A parking operator has defended giving $65 penalties to drivers who overstay by a few minutes, saying $25 of the fee represents its average losses.
The Tournament company also says the grace period before issuing the $65 breach-of-parking-contract fees varies from site to site.
Herald readers have reacted angrily to the practice and related their own experiences of the fee at Tournament and Wilson sites.
The operators say the fee is a cheaper and less stressful alternative to clamping and towing when motorists do not comply with the terms and conditions that they accepted by entering the site.
Asked to explain the fee yesterday, Tournament general manager Rachel Valentine said it reflected the operator's cost of enforcement.
It was made up of a $40 administration fee and a $25 parking fee, which had been calculated across a number of different carparks to be the average of what the lost income would be when people returned to vehicles.
"It is the average we have come up with over the course of a number of years and there is also a $40 administration fee," she said.
"The Disputes Tribunal has upheld the $40 and $25 as a fair and reasonable amount."
Ms Valentine said a grace period before the breach notice was written out varied from five to 10 minutes between the carparks.
Aucklander Vivienne van Dorsten told the Herald her $65 breach notice was written out five minutes after expiry at Tournament Newmarket. "That's no leeway when I'd prepaid $18.50 for three hours just to be safe, because my cut and colour at the hairdressers doesn't usually take that long."
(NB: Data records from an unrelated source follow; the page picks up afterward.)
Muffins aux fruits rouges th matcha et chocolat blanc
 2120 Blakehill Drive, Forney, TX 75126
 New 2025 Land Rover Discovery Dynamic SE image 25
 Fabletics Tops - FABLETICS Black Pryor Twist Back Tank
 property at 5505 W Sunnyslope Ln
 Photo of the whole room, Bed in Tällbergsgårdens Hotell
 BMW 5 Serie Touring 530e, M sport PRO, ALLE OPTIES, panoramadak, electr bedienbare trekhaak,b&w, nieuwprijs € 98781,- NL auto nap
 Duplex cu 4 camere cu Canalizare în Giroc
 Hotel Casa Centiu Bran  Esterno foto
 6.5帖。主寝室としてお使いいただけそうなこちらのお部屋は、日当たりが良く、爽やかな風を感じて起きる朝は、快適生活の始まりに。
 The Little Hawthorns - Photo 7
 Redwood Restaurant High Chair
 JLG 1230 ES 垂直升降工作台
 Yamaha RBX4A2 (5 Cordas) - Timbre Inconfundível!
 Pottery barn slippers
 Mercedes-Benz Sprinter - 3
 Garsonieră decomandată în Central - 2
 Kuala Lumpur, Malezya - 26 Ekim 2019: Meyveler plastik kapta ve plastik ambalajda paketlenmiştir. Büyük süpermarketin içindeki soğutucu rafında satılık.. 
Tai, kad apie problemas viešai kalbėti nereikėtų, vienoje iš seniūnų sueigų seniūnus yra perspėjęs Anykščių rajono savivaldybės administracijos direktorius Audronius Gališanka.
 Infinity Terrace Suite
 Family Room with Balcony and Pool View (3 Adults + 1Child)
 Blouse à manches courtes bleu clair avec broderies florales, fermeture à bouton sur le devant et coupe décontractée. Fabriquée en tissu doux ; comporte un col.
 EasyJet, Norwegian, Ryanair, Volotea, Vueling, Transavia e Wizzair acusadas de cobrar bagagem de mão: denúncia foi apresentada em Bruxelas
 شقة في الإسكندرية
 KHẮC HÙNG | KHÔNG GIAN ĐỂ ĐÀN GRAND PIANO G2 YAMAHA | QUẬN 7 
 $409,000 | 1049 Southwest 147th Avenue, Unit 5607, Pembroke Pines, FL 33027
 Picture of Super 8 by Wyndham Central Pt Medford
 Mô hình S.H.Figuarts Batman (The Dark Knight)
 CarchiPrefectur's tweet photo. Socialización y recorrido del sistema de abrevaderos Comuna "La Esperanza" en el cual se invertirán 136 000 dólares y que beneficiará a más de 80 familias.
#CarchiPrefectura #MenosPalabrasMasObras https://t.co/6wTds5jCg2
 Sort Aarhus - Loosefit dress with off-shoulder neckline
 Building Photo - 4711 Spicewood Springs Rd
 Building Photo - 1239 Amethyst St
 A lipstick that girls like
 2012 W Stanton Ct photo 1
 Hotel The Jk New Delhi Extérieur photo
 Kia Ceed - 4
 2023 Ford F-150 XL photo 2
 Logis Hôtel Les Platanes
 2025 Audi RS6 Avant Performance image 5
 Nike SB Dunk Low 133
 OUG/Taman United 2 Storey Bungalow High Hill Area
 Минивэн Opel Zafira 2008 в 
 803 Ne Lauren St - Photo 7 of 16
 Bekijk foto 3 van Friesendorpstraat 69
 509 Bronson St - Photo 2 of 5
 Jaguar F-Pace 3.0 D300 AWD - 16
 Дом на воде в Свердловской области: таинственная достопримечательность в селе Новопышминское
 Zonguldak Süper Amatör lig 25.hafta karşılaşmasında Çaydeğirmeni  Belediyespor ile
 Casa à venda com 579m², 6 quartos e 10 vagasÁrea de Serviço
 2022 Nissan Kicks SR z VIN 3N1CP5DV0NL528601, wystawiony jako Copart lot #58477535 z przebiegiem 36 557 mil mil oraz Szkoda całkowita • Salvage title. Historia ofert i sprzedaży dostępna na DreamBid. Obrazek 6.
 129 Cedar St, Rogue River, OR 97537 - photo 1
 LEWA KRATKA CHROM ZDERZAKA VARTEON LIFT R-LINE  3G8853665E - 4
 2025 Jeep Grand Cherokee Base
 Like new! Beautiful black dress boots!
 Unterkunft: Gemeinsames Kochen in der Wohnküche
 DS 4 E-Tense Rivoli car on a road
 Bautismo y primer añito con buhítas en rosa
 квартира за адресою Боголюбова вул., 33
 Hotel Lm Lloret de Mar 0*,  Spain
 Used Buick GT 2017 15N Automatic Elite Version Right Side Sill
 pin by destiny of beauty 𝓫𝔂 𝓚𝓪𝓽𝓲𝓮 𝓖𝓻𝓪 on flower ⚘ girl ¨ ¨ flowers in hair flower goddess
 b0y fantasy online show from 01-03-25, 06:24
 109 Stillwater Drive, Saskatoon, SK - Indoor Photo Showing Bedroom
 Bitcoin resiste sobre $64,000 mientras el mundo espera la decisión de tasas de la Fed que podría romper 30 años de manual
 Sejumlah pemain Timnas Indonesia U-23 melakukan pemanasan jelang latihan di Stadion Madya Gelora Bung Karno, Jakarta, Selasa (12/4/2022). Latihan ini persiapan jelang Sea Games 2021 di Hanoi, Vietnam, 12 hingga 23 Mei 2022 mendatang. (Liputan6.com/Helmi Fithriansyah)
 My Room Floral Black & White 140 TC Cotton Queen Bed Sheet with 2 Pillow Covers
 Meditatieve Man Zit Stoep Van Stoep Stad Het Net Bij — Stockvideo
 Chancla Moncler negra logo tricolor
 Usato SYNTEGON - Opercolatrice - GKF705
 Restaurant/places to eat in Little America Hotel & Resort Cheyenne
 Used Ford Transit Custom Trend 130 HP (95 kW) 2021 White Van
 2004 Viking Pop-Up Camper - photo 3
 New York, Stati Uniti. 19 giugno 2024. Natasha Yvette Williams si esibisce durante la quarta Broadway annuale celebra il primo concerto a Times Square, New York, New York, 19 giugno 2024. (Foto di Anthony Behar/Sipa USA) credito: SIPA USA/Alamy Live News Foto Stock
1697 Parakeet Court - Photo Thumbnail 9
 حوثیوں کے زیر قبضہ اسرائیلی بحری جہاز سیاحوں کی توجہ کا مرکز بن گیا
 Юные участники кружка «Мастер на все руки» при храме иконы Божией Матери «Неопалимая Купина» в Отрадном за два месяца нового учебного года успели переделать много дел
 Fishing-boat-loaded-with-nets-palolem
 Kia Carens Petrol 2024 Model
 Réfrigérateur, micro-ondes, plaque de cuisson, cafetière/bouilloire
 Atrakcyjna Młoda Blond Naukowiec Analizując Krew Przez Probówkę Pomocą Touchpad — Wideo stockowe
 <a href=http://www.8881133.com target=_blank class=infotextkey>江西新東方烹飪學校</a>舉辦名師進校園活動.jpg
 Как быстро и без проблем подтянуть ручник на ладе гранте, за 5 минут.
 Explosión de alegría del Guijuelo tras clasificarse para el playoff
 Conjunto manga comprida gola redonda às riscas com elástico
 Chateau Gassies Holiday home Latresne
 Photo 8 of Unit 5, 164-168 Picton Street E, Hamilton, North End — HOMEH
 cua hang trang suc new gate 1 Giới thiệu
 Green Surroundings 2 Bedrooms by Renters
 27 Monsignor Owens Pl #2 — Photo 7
When told that Tournament allowed five minutes' grace for the Newmarket site, Mrs van Dorsten said she now understood why the carpark was under-used.
"I'm stunned that my five minutes' overparking was worth $25 and that my $65 compensates Tournament for other people at other carparks being an hour or so over."
Mrs van Dorsten also said she had written in to appeal but was worried since the Herald told her that Tournament insisted on proof of what time people returned to their cars.
"I arrived back eight minutes late but how do I prove it?"
Herald reader Emily Stuart said she thought it was a 10-minute grace period when she arrived back nine minutes late to find a $65 breach notice on her car in the Wilson Parking site in Auckland CBD.
"How can they support the grace period in some carparks if they are not prepared to support [them] in all?"
The Commerce Commission is investigating Wilson Parking for its signs, pricing and the terms of the contract between the company and the consumers.
Wilson Parking backed down after I wrote to them saying the sign saying the "first hour was free, if validated at The Warehouse" was inaccurate and deceptive. The request from Wilson for $65 for an extra 16 minutes' of parking was excessive and inappropriate to the circumstances. This works out at $243.75 an hour for parking.
A customer [name withheld] of the Warehouse carpark in Newmarket
We parked at a Wilson carpark next to the beach in Takapuna on Friday night. We took five minutes to pay via credit card at the machine and when we came back we had a $65 fine for parking without a ticket displayed. We are disputing it with Parking Enforcement Services (a division of Wilson Parking). We paid $10 at 7.11pm and the breach was timed 7.06pm.
I met my wife in Takapuna after work for a quick dinner and both of us received $65 breaches for being nine minutes late. The dinner cost $100 and with the two tickets from Wilson, the short time out cost $230.
Pay and display is always a challenge. You never really know how long it's going to take to get the job done. I was over the limit by about 20 minutes at Wilson Parking in Barton St, Hamilton. I knew it and was mentally prepared for a fine. But not for $65. The all-day parking was about $10.